Today I did read in cnet.com that Mark Zuckerberg is thinking exact this.
Facebook CEO Mark Zuckerberg said in an interview this week he would like to create a safe and educational social networking environment for kids younger than 13. (According to Consumer Reports, 7.5 million such American kids already use Facebook by lying about their age.)
"That will be a fight we take on at some point," Zuckerberg reportedly said of the Children's Online Privacy Protection Act, which mandates parental permission and other protections for young users. And here we thought China was Facebook's next big controversy...
I think it is smart to find a way to allow kids to use FB instead of forcing them to lie. Human beings are constantly evolving. In 1985 we had a class photo session of our 9th grad. I compared this photo with a recent photo of my nephew class. Even if the kids in both photos are the same age, there are big differences. We looked like kids, today they look much more like adults.
When I was 3, we had no TV and there was no such thing as VCR or electronic devices. The first computer I played with was with 13. My son is 3 and a master of the iPad, DVR and other electronic devices. As an example, last week his favorite Lightning McQueen flash light did stop working. He instantly knew how to open the flash light and asked me to give him new batteries. I am sure I did not know what batteries are till I was 5. He will know more about computers when he is 10 than I know today. He might build our webpages till then. One of my nephew is 20 but when he was 14 he asked me to teach him how to build websites, I bought him a good book and worked with him a few weeks on the simple idea of HTML.
My other nephew is 12 and he already knows how to build a simple website and how to make a simple flash file. But more important he knows the concept of HTML and that pages are stored on servers etc.
Of course it is easier today to build websites than when I started in early 90es, but it is evolution that we get earlier exposed to such things.
A lot changed then and today.
I am the youngest kid in our family of 5 kids. My oldest sibling is 12 years older than me and the youngest is 5 years older. What I learned at school in mathematics in the 8th grade, my sisters did not learn before 10th grade. I was good in mathematics. I had 4 courses at the university in advanced mathematics. I would say I know it well.

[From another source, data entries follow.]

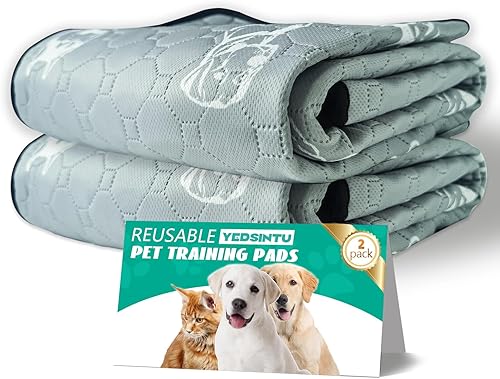 Almohadillas absorbentes para orina para perros, paquete de 2 almohadillas reutilizables para entrenamiento de mascotas, 100% impermeable, protege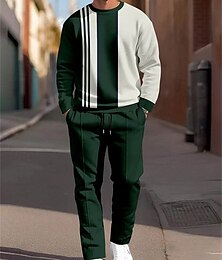 abordables -Homme Sweat-shirt Ensemble Survetement Survêtement Bleu Orange Vert Col ras du cou Rayé 2 pièces Sport & Loisir Quotidien Fête Polyester Streetwear Basique Occasionnel Printemps Automne Vêtement Tenue
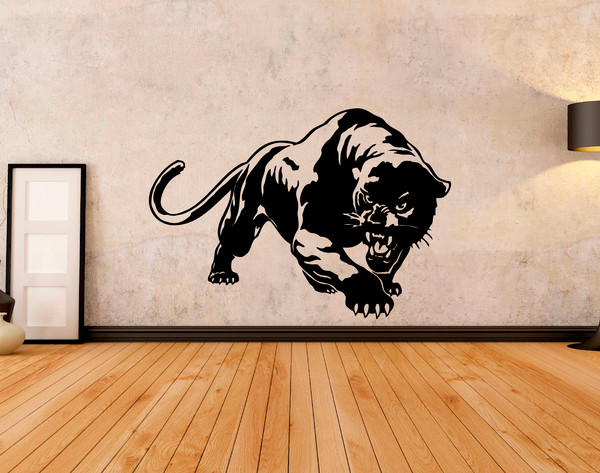 Ferocious Black Panther Sticker, Car Sticker, Wild Animal, Wall Sticker Vinyl Decal Mural Art Decor
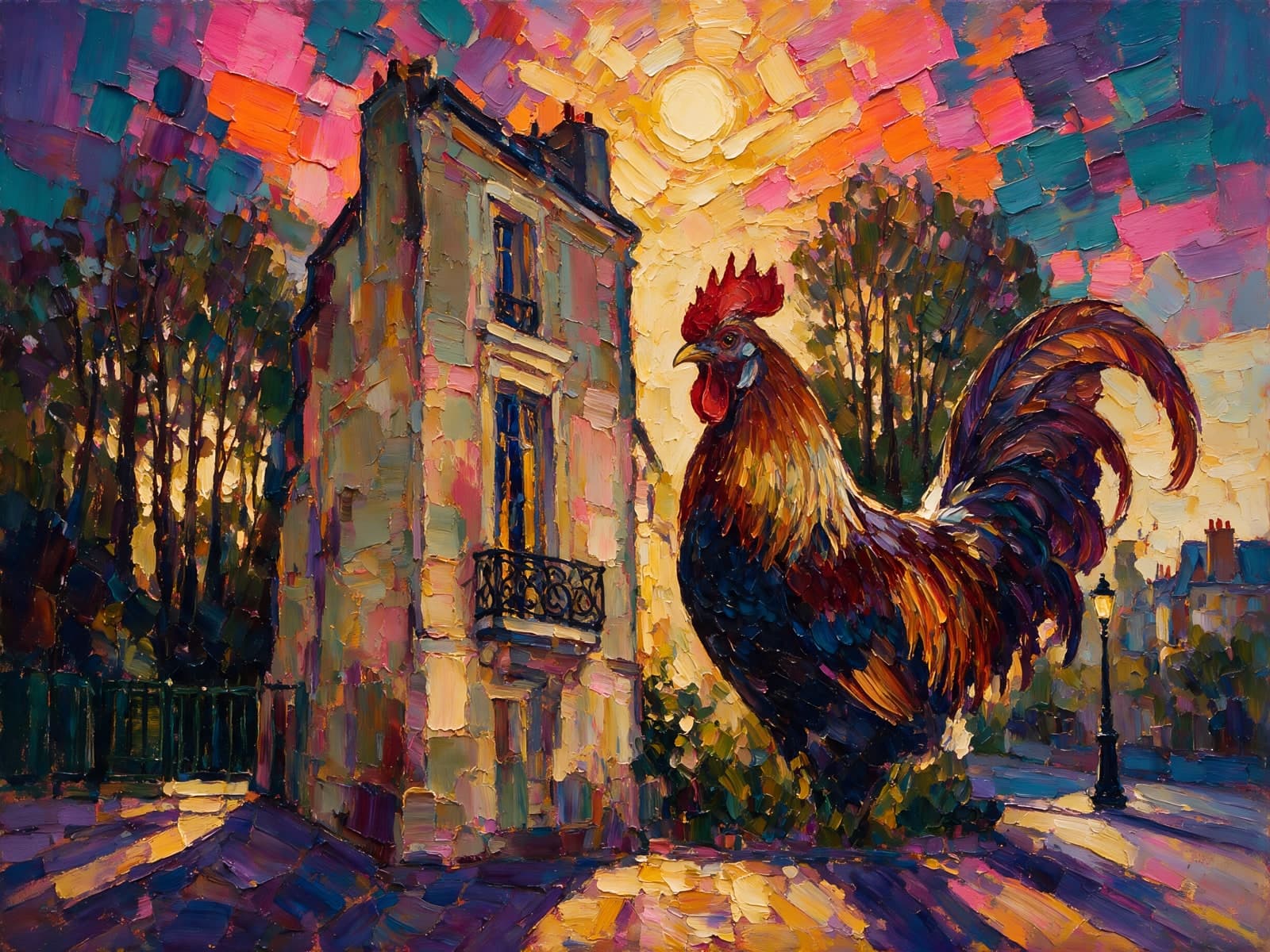 Haan naast een smal stadshuis bij zonsondergang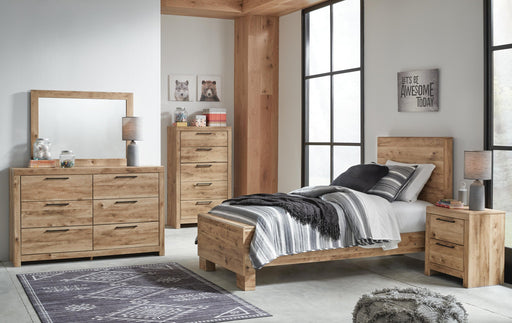 Hyanna Twin Panel Bed, Dresser, Mirror, Chest and Nightstand - alternate view 2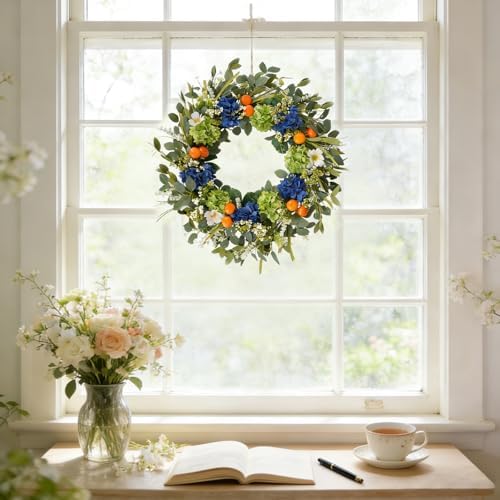 idyllic 26 inch spring summer wreath for front showing dimensions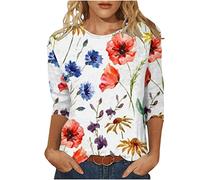 Oberteile Damen 3/4 Arm Bluse Lässig Blumendruck Tunika 2023 Shirt Sommer Tshirt Pullover mit O-Ausschnitt Tee Tops Longbluse Teenager Mädchen T-Shirt Locker Blusentops Streetwear für Frauen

My sister called me once from Germany over Skype that I should help her son, who is in the 9th grade, in mathematics. I said yes, when I looked at his homework. I was blown away. He had to do stuff (just 18 after I finished) which I did not before my final year at school. And guess what I had first to read in a book before I could help him.
Back to FB, it is clear kids are much earlier exposed to technology and internet that they will try to be in FB or whatever the latest hype is.
The best thing for FB would be to create a safer FB for kids but where parents have admin control over it. This allows the kids to be a part of the latest hype but as well parents to monitor what is going on. If we forbid to be on FB then they will find anyway a way to be in and we parents would not know what is going on and this is far more dangerous. At the same time, we as parents need to talk with our kids about the danger to expose them in the wide world of Internet. We need to talk to them like adult to adult. This helps a lot, believe me.
A friend of mine, his daughter was on FB since she was 13 and guess what, she is deleted her account with 15 because it is cool not to be on FB.
Either way, we can't really stop kids to go into FB, they will find ways, but if we can educate them and can be a part, then we know at least what is going on.
Back to my little son. He is a master of the iPad, but because I allow him to play with his kids games on the iPad, he does not try to open any other application which is not intended to be for him. But the thing he likes the most (which I am proud of), is being outside and playing. Pure nature no computers.